Due to the COVID-19 pandemic in the Philippines, computer retail stores in the area reported a five-fold increase in demand for laptops and computers due to remote work and distance education arrangements.

==Nearby transport==
Bus Route 11 (Gilmore-Taytay) serves the commercialized section of Gilmore Avenue, with its northern namesake terminus at the intersection of Gilmore Avenue and Nicanor Domingo Street.

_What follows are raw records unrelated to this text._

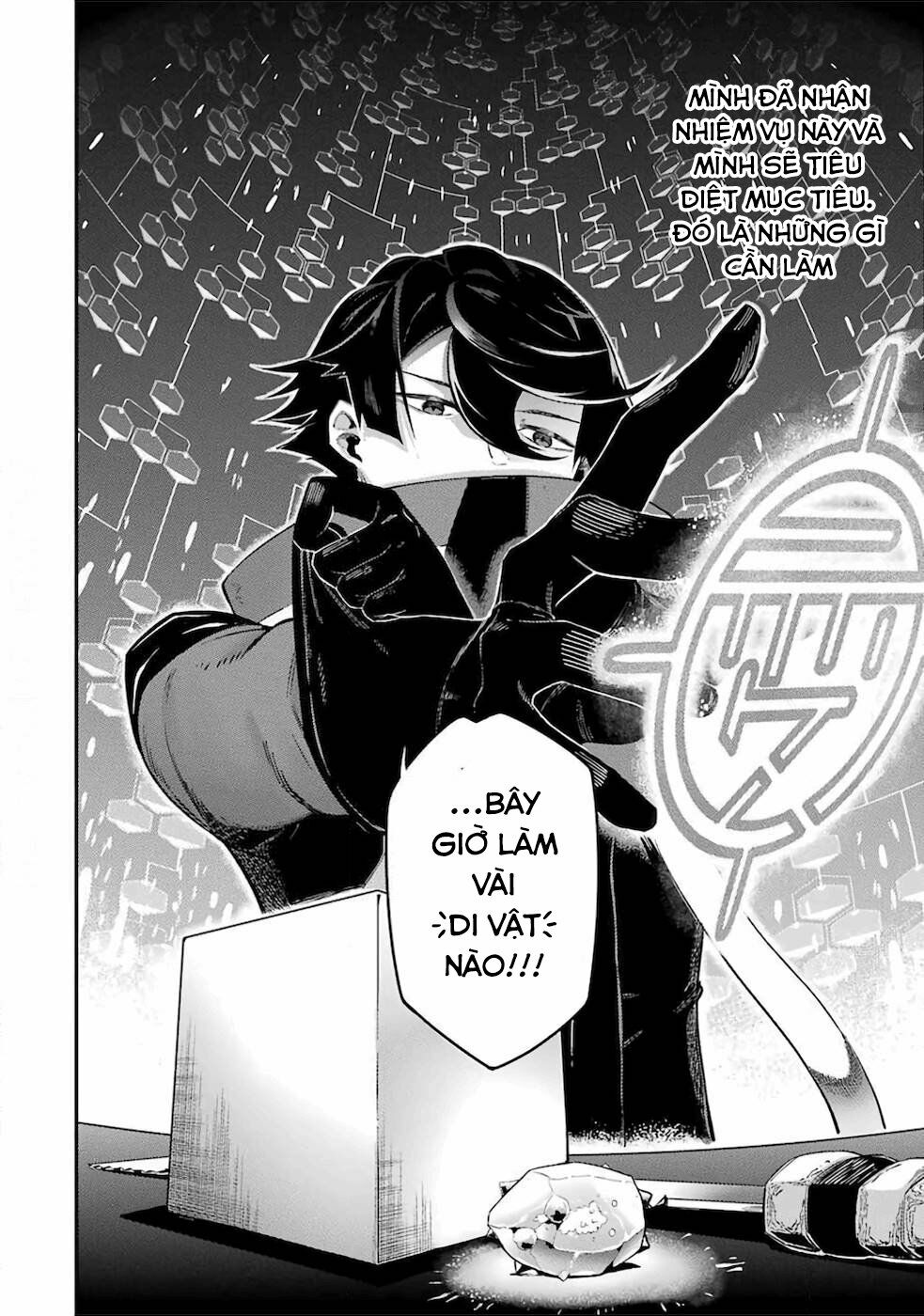 nhiệm vụ của kẻ mạnh nhất chapter 1.5 41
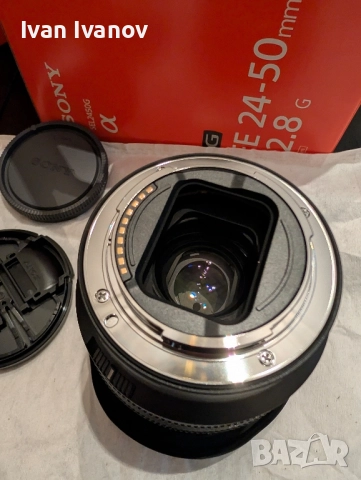 Sony FE 24-50mm F2.8G, снимка 4 - Обективи и филтри - 52015391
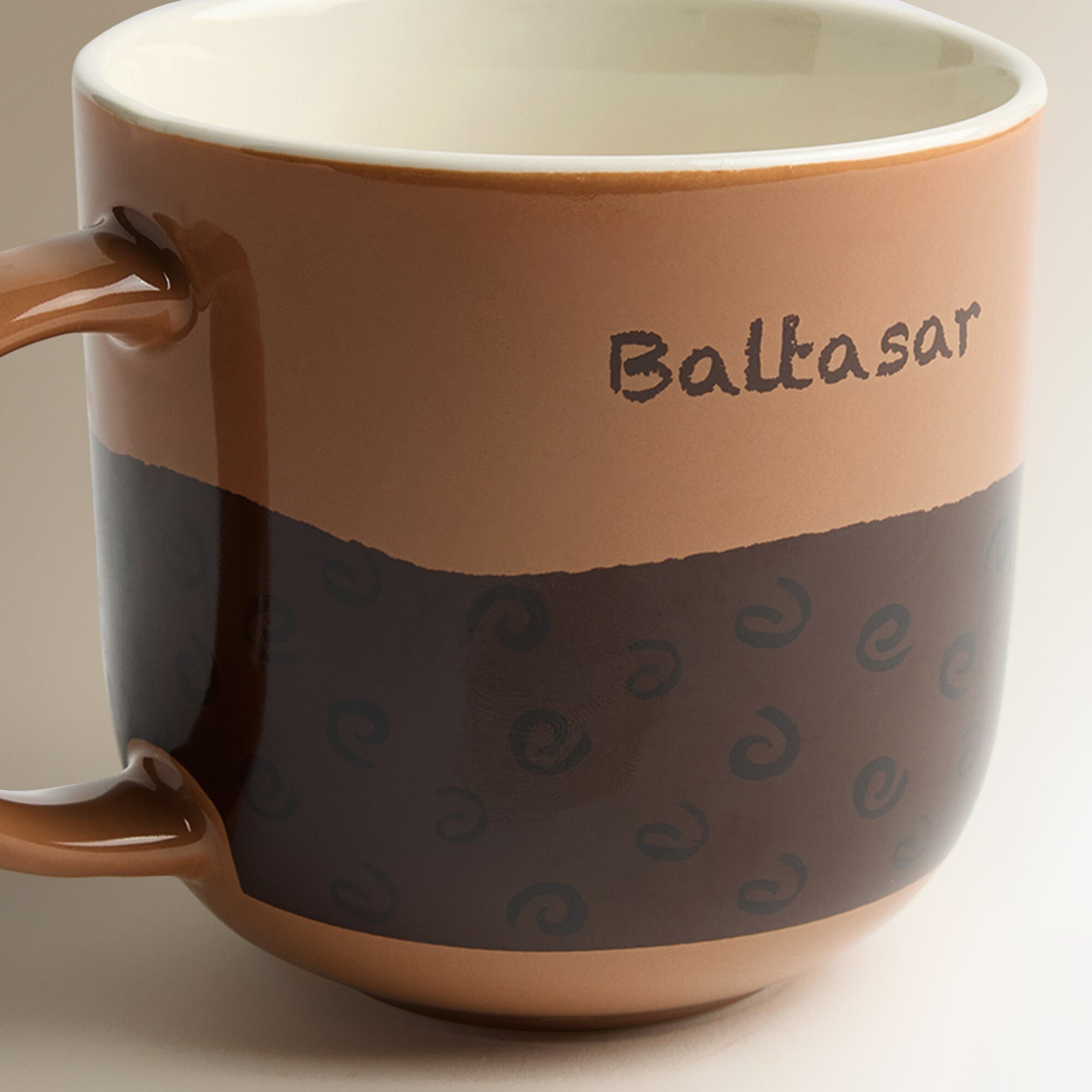 Taza mug Rey Baltasar Corona Navidad Cobre-4
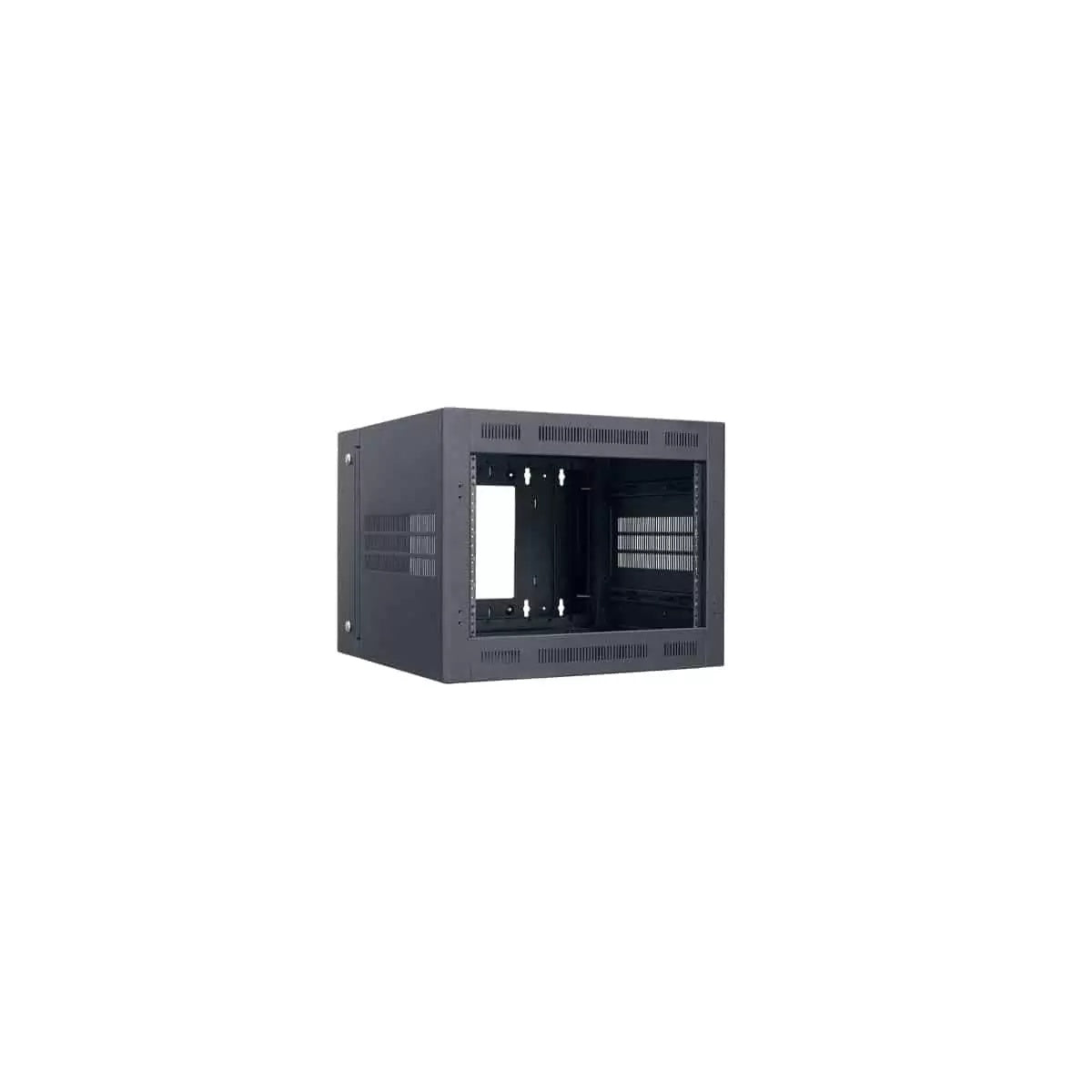 Lowell LWR Series Wall Mount Rack Sectional Steel Cabinet | 7U | 23"D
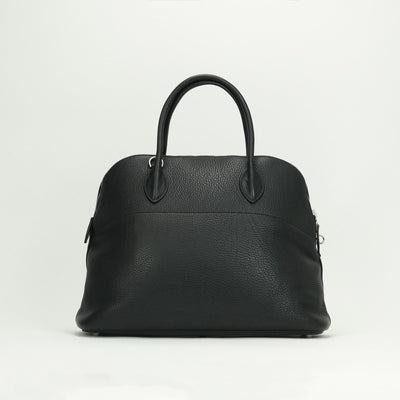 エルメス HERMES ボリード35 ボリード 35 バッグ トートバッグ ショルダーバッグ トリヨンクレマンス ノワール ブラック black 黒 シルバー金具 ハンドバッグ
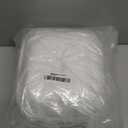 5 PCS Microfiber Replacement Mop Head Spin Mop Head Replacement 5-Pack, Microfiber Refill Heads Universal for 360 Spin Magic Mopping, Round Shape Standard Size White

It is also served by Bus Route 10 (Doroteo Jose-Cubao), which stops at the intersection of Gilmore Avenue and Aurora Boulevard, and Route 6 (Quezon City Hall-Gilmore) of the Quezon City Bus Service has a stop in the Gilmore commercial area and a terminal at the nearby Robinsons Magnolia along Doña Hemady Avenue.

The nearest mass transport station from Gilmore Avenue is the Gilmore station of the Manila LRT Line 2, named after the road itself, and the future N. Domingo station of the MRT-4 monorail line.

The segment of Gilmore Avenue from Aurora Boulevard to Nicanor Domingo Street also contains a one-way, partially protected bike lane, linking the bike lane network along Aurora Boulevard and Granada Street.